Germany’s Merck Serono said it would team up with an Abu Dhabi firm to produce medicines for the domestic and regional markets, the first multinational of its kind to make branded products in the United Arab Emirates.
Merck Serono, the pharmaceutical arm of Merck KGaA, will initially produce two of its products at Neopharma’s facilities in Abu Dhabi, the German firm’s first such partnership in the Middle East, the company’s CEO said.
“The Middle East is very important and the fastest growing region for our products,” Stefan Oschmann told reporters. “We plan to meet 100 per cent of the regional demand for the products,” he added.
Oschmann declined to give specific figures but said revenues from emerging markets accounted for a third of Merck’s total.
The two products to be produced at Neopharma’s facilities are Euthyrox, a synthetic thyroid hormone and Glucophage, for people suffering from type 2 diabetes.
Production of both branded products will start in 2013.
The UAE suffers from a high prevalence of diabetes. Some 827,000 people between the ages of 20 and 79 have diabetes in the UAE, according to the Ministry of Health.

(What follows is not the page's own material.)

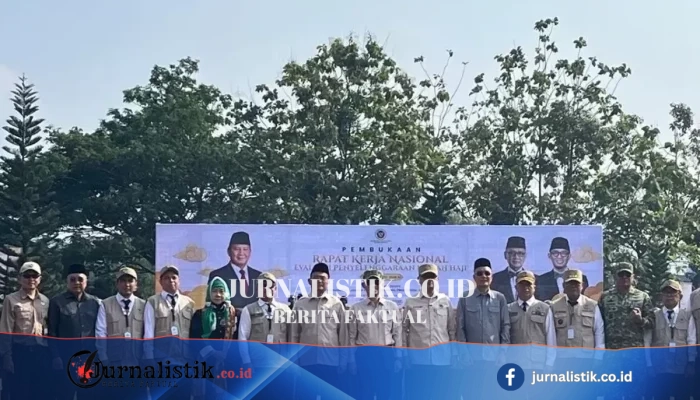 Marwan Dasopang Usulkan Penetapan Istitha’ah Kesehatan Setahun Sebelum Berangkat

Treatment of diabetes accounts for about 40 per cent of the UAE’s overall healthcare expenditure, Amin al Amiri, assistant under-secretary for Medical practice & licence at the ministry of health said.
“This alliance will provide increased supply of trusted branded medicines needed to help ease the diabetes crisis which is straining the financial resources of the UAE,” he said.
The Middle East is the largest market for Merck’s diabetes drug, Glucophage, which is currently imported from Europe.